The January hearing, which will be open to the public, is the latest episode in a continuing story that started last spring when Beckmann’s comments were originally posted online. Although the comments were removed and the Facebook account was soon removed, the image of the page posting was already captured and was published by Joy Reid of The Grio Report igniting a firestorm for the Department and County.

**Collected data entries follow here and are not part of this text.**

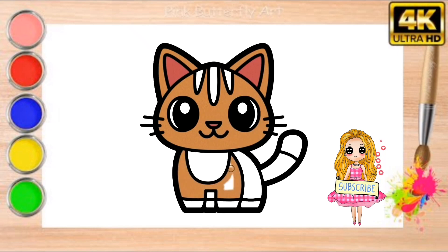Thanks for watching. Don't forget to subscribe to our channel for more fun drawing tutorials. Happy drawing!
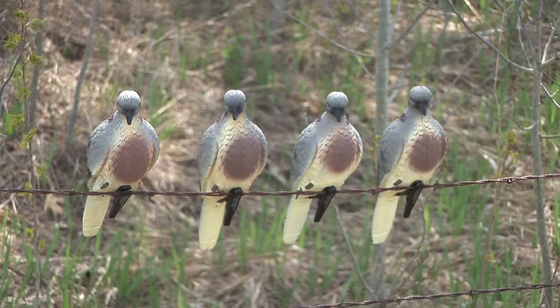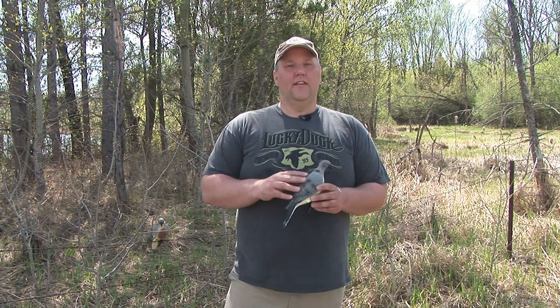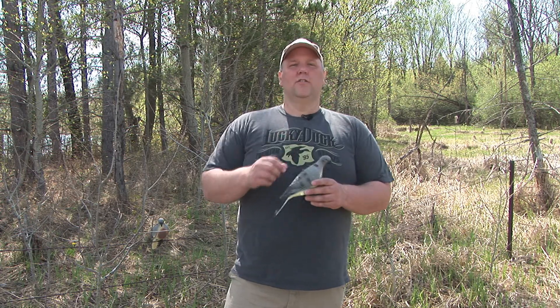It comes with an alligator clip. You can clip it onto a tree branch or even a fence line. Anything that's going to make your spread look more realistic, this dove decoy will do it. There's also a little hole at the top so if you want to get it up into a tree, get it somewhere a little bit higher, you can tie it to a string, get it up into that tree, make your decoy spread look more realistic and more appealing to the doves.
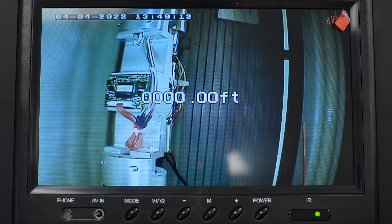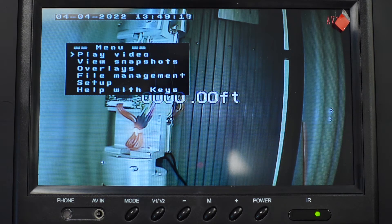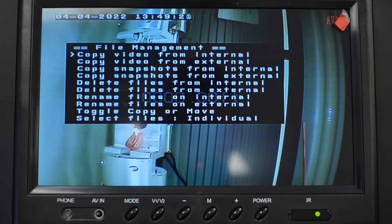Grab your micro USB keyboard, make sure it's turned on, and hit the Enter key to bring up the main menu. Scroll down to the file management section, where you're presented with a number of different options, including copying videos from the internal drive, copying snapshots, or deleting files.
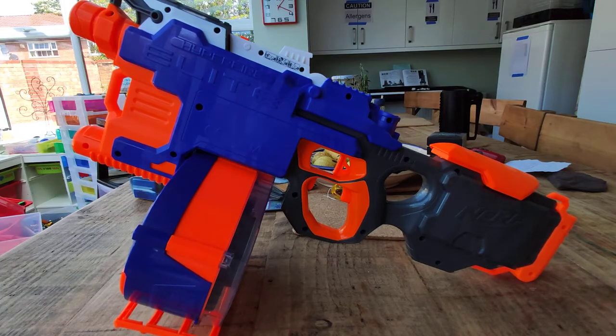Hi guys, it's Raj here from If You Ask. I'm doing a video today on some of my Nerf guns, and this will be a video on my upgraded Hyperfire.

For retired county employee and local activist William Clark, who along with others pushed for Beckmann’s termination, there is still work to be done. Clark said that he believes that “victims are going to be absent. “ He said that he and others in Dade County’s Black community “are the victims of [Beckmann’s] remarks” because fire fighters are “first responders who go straight to the homes of the people.” Hence for him and others who question Beckmann’s commitment to protect, safety in the hands of someone like the embattled fire fighter is a concern. “I don’t want to take a chance with this guy saving me, we want the county attorney to subpoena the victims.” said Clark.
When asked about who will be called as witnesses, Candela said, “I am going to make the determination. I have not made it yet.” Candela said that such hearings are “really common” in a workforce that has “27,000 county employees.” They involve a union lawyer, a county attorney to argue opposing sides of the case, an independent arbitrator to hear the case, and witnesses called by each side.
Adding to the intrigue in the case, the Miami Herald published redacted copies of Miami-Dade County documentation relating to the case. In a county memorandum titled “Findings of Fact Report” sent by Dave Downey, Assistant Chief of Operations to Chief William Bryson on May 11, 2012, Beckmann denied that he wrote the statements that set off the controversy.